I’m not looking for a party. I’m looking for a life.
A life where I’m not performing, or defending, or standing out. A life where I get to be included. A life where the chasm is gone.
Sometimes I worry that this version of Pride—soft, ordinary, uneventful—isn’t big enough. Isn’t bold enough. But the truth is, for a lot of trans people, the radical thing isn’t dancing in the street. It’s feeling safe in a bathing suit. It’s being able to share a room with your girlfriends and not feel like an imposter. It’s being able to breathe.
I used to think Pride wasn’t for me because I didn’t want to march.

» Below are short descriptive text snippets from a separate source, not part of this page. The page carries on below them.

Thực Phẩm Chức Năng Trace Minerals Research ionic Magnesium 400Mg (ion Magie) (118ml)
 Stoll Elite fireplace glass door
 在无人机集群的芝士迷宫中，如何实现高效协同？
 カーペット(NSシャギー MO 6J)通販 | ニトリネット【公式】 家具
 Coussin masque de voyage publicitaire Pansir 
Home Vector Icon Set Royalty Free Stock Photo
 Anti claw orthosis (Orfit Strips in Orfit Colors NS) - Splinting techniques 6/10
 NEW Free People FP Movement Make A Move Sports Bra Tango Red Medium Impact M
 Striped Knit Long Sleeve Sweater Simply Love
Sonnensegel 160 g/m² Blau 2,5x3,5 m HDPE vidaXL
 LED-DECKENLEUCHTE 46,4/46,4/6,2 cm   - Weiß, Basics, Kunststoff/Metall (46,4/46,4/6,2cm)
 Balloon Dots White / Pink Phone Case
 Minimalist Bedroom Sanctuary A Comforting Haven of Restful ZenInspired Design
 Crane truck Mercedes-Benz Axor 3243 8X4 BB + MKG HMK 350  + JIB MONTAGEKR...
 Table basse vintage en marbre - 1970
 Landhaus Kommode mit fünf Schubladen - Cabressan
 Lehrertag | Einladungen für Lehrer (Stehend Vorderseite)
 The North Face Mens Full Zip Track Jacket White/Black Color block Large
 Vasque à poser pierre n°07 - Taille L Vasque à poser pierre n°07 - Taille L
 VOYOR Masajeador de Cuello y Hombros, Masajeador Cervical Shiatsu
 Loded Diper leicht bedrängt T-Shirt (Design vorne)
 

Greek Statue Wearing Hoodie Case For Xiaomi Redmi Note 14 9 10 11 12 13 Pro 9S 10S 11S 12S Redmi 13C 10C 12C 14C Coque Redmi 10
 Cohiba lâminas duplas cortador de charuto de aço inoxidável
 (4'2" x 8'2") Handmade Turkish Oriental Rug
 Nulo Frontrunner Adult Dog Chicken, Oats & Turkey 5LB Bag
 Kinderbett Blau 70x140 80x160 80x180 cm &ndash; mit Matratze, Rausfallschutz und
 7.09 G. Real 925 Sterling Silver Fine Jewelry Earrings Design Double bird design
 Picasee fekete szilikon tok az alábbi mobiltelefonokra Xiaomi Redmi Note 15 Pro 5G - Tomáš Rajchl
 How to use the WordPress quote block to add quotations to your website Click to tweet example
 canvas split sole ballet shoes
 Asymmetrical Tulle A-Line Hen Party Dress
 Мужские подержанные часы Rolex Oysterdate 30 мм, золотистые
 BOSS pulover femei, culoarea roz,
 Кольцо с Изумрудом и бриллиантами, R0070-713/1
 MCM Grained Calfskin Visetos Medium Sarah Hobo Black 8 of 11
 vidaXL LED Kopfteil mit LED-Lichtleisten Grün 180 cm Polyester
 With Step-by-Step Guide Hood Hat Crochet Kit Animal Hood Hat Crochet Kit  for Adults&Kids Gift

But now I think Pride is about having the life you always dreamed of, in the body and community that finally feel like home.
Not a dance floor. A mountaintop. A beach towel. A chairlift. A car ride with the windows down and friends in the backseat, singing along.
Not different. Not separate. Just part of it.
I think it's important to share that not every piece of Pride is soaked in glitter and vibrating with shrieks of joy. Sometimes it's almost invisible. Doesn't make it any less important, any less real, any less wondrous. I'm really glad you shared this.
Beautiful Ari.
You weave your words together like a wonderful tapestry.